### TASK STATEMENT
After removing every image, reproduce the data exactly as it appears.
◇ ◇ ◇ ◇ ◇
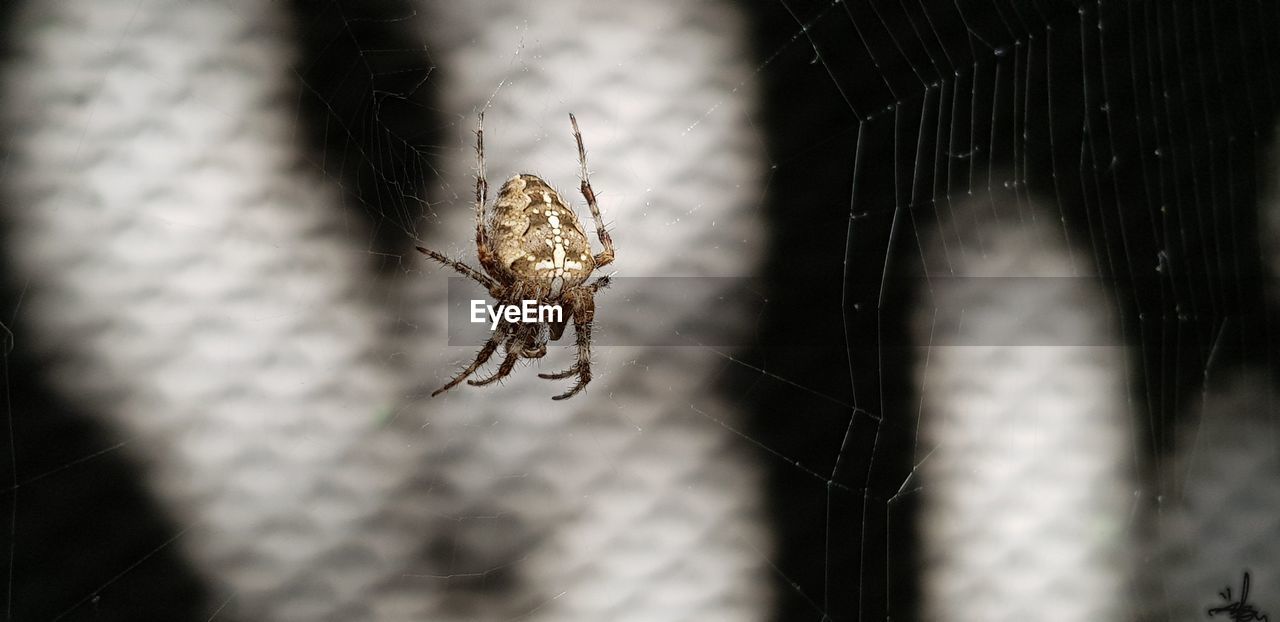 Close-up of spider on web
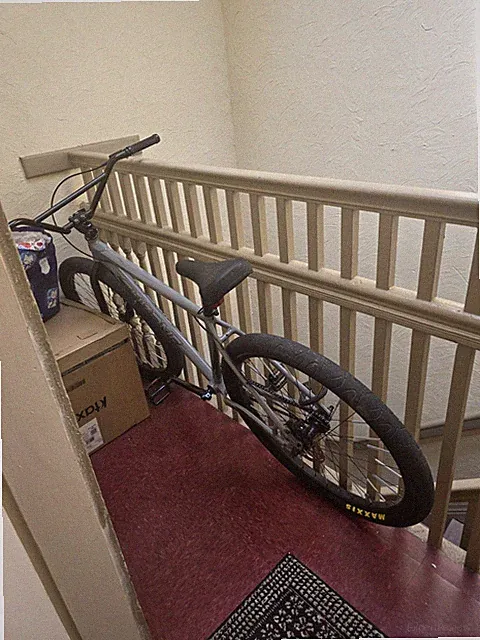 Throne The Goon, Concrete Grey, 29-inch BMX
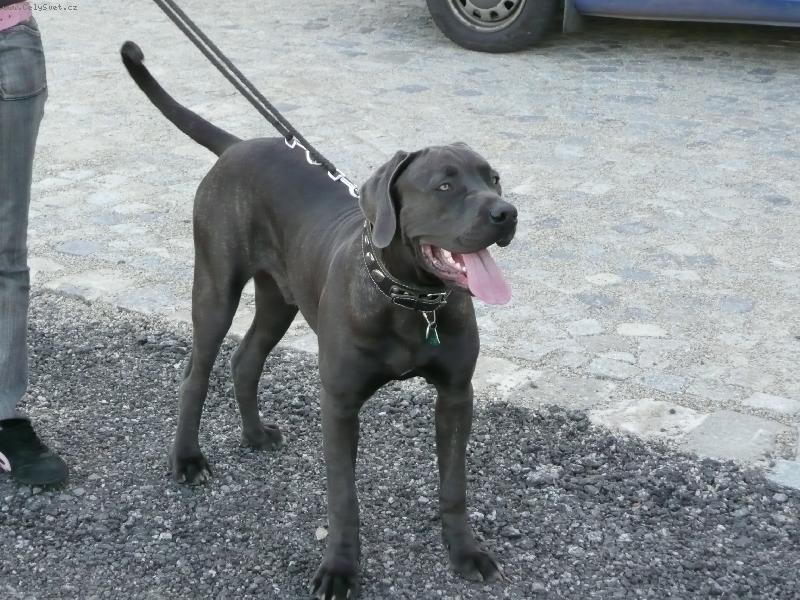 Foto: Nero-7,5 měsíce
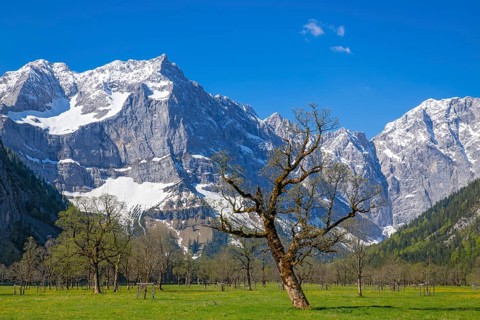 The Großer Ahornboden in spring, Großer Ahornboden, Karwendelgebirge, Tyrol, Austria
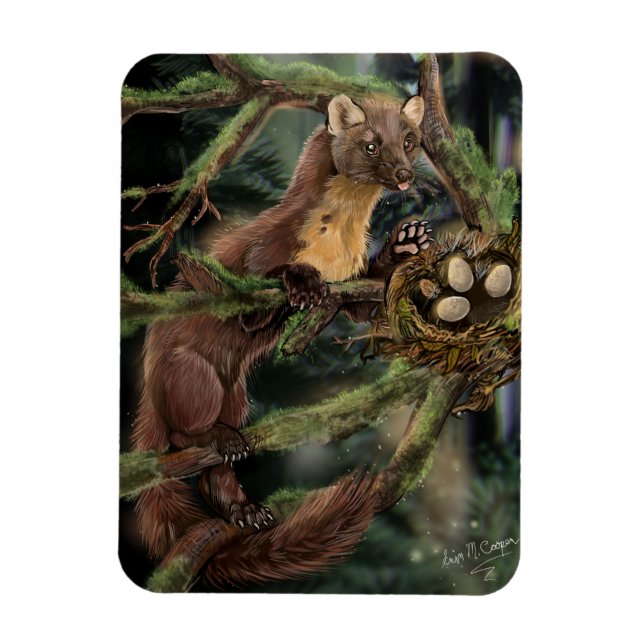 Europeiska Gräs Marten Magnet (Vertikal)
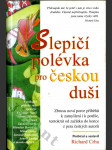 Slepičí polévka pro českou duši - další povídky a příběhy pro potěchu srdce a posílení ducha - náhled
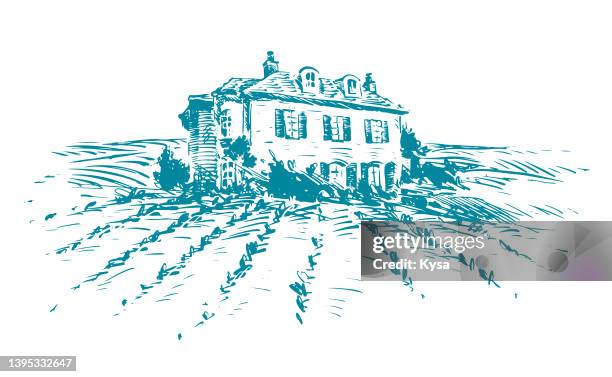 vineyard house drawing - vineyard stock illustrations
◇ ◇ ◇ ◇ ◇
### REPLY TO THE EXERCISE
 Close-up of spider on web
 Throne The Goon, Concrete Grey, 29-inch BMX
 Foto: Nero-7,5 měsíce
 The Großer Ahornboden in spring, Großer Ahornboden, Karwendelgebirge, Tyrol, Austria
 Europeiska Gräs Marten Magnet (Vertikal)
 Slepičí polévka pro českou duši - další povídky a příběhy pro potěchu srdce a posílení ducha - náhled
 vineyard house drawing - vineyard stock illustrations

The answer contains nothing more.